Learn about the most common problems parents report about red dye 40 or other artificial colorings and the effects on behavior when eliminating this from a child's diet. Artificial colors are common food additives and unfortunately, we live in a world where it is nearly impossible to find food without 10-20 food additives that we know nothing about. Being that my son has so many allergies, we have adjusted to giving him very plain food in order to limit the chances of an additive that may cause an allergic reaction.

For many parents this may not be a common practice, but for parents of children on a diet for ADHD it is more commonly known to be removed from the child's diet. I have researched the effects of red dye 40 on behavior and have found there to be a lot of parent testimonials about red dye 40 saying it does affect their child's behavior and may contribute to attention and memory difficulties, hyperactivity, temper tantrums, and impulsivity.

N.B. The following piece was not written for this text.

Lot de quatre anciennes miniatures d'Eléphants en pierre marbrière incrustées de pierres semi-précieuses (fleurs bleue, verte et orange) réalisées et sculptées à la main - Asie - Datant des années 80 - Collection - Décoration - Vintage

red apple with a bite that has been treated with red food dye 40

I have also found some articles claiming that red dye 40 has a negative impact on children, especially those with ADHD symptoms.

One mother I spoke with said that her son had a lot of difficulties around the age of 6 and after removing red dye from his diet completely, they disappeared. Of course he is older now, I believe 13 years old, and is able to eat foods with the dye and does not seem to have any problems now. However, this is only one of many incidences that show the importance of knowing what you are eating and how it may affect you or your child’s behavior.

One possible reason for the effect red dye has on behavior may be that the child has a sensory processing disorder. This particular disorder can cause a child to be oversensitive to artificial colors, which excite the brain.

Reading food labels is one of the best things you can possibly do to be aware of what your child is actually ingesting. The dye can be found in hundreds of food items without the food actually being the color red; some foods include Doritos, Twinkies, chocolate cake mix, vanilla frosting, croissants and even non-organic red apples (gotta look good right?).

How do you know red dye 40 is the problem?

Although it reportedly is difficult to conduct an actual study on the effect it may have on behavior, by simply removing it from one’s diet for at least two weeks, you should be able to know whether there is a change. Simply observing any differences in your child or by keeping a journal of what your child eats and tracking any behavioral difficulties you encounter will help. Of course the use of behavior interventions for child behavior problems in addition to removing red dye 40 is also recommended.

I am a person that prefers to try all other options before assuming that the child should be placed on medication. For some, medication may be a good option. If there as a better option, such as a change in diet, well then I would rather try that first. 

I have heard of parents being guilt tripped by teachers or psychiatrists stating that their child has a condition that needs to be treated with medication and if your child had diabetes you wouldn’t deprive them of the medication needed would you? However, even with diabetes there have been people that have been able to control it by changing their diet, exercising to lose weight, and resulted in not needing medication. 

So, should you try not letting your child eat red dye 40 for a couple weeks? I say absolutely, see if it makes a difference, and if not at least you can say you ruled out another option. If it does make a difference, well then you just made your life a whole lot easier.